### Available data

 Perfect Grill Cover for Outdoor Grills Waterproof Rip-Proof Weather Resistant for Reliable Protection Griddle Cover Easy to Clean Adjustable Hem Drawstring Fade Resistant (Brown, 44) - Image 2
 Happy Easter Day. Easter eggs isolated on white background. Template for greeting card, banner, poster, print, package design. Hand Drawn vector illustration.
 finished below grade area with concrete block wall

...

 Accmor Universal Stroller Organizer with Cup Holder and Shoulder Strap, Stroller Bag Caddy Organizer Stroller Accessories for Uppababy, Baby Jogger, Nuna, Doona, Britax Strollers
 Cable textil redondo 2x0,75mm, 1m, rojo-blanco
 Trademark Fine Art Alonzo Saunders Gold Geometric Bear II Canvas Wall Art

### What you are asked to do
When a line in the material includes the word "with", copy it out.

### Exercise output
 finished below grade area with concrete block wall
 Accmor Universal Stroller Organizer with Cup Holder and Shoulder Strap, Stroller Bag Caddy Organizer Stroller Accessories for Uppababy, Baby Jogger, Nuna, Doona, Britax Strollers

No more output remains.